Processor chains enable flexible data transformation pipelines that can process both input and output data. Chain multiple processors together to create sequential transformations where each processor’s output becomes the next processor’s input.

Processors provide a way to:

  • Transform data formats: Convert between different data structures (strings, JSON, arrays).
  • Extract specific information: Use JSONPath or regex patterns to extract relevant data.
  • Clean and filter content: Remove unwanted fields or apply formatting rules.
  • Standardize data: Ensure consistent data formats across different components.

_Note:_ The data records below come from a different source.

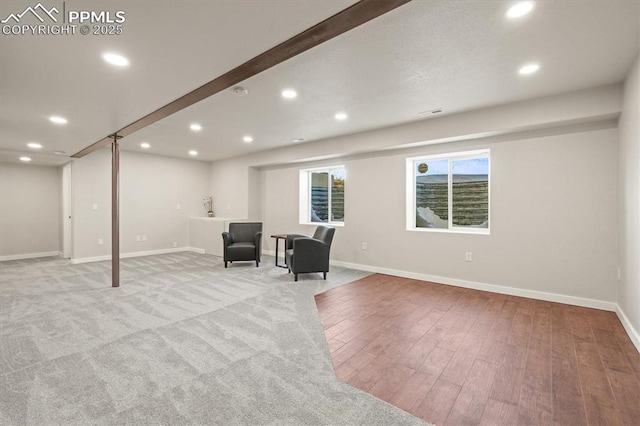 unfurnished room with recessed lighting, wood finished floors, and baseboards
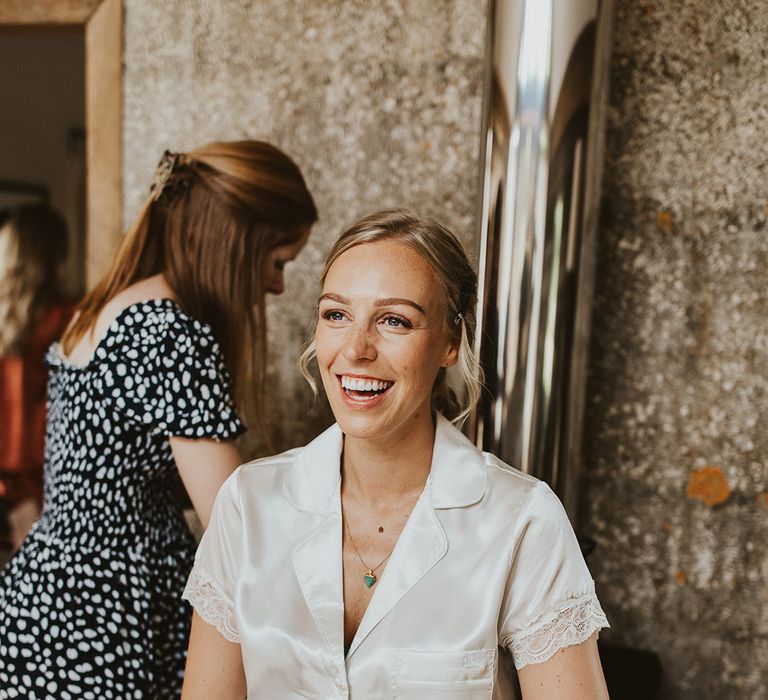 Bride smiles wearing white satin pyjamas with lace cuff detail as she gets ready for her wedding day 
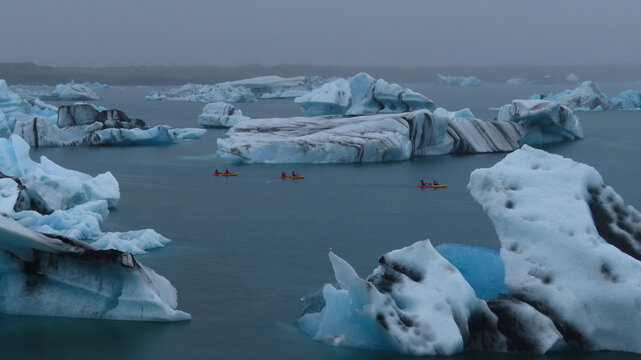 Kayakers Among Icebergs in a Glacier Lagoon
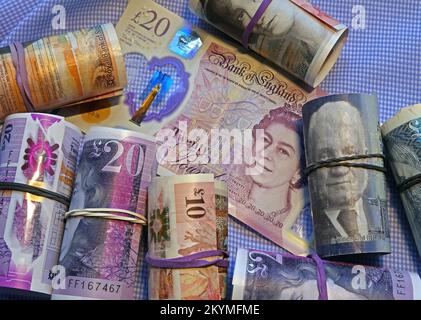 Rotoli di banconote scozzesi britanniche tenuti da fasce elastiche, che circondano una banconota da 20 sterline della Bank of England. Foto Stock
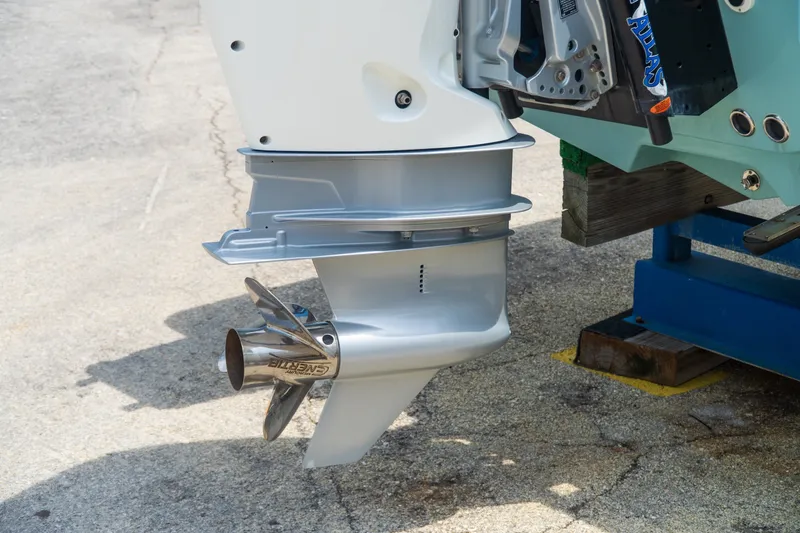 Slide: The Image of Outboard motor of 2021 Tidewater 2300 Carolina Bay boat on a stand. - 48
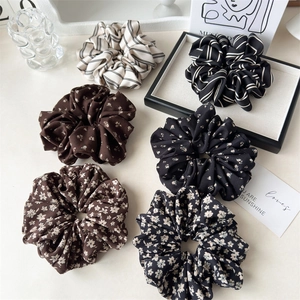 Flat lay of six floral and striped satin scrunchies in a stylish home decor setting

Processors execute in the order in which they appear in the array. Each processor receives the output from the previous processor.

Processor chains are specifically designed for ML workflows and differ from processors in ingest and search pipelines:

  • Ingest pipelines: Transform documents during indexing into OpenSearch.
  • Search pipelines: Transform queries and search results during search operations.
  • Processor chains: Transform data within ML Commons workflows (agent tools, model inputs/outputs).

Processor chains provide specialized data transformation capabilities tailored for AI/ML use cases, such as cleaning model responses, extracting structured data from LLM outputs, and preparing inputs for model inference.

Configuration

Processors can be configured in different contexts:

  • Tool outputs: Add an output_processors array in the tool’s parameters section.
  • Model outputs: Add an output_processors array in the model’s parameters section during a _predict call.
  • Model inputs: Add an input_processors array in the model’s parameters section of a _predict call.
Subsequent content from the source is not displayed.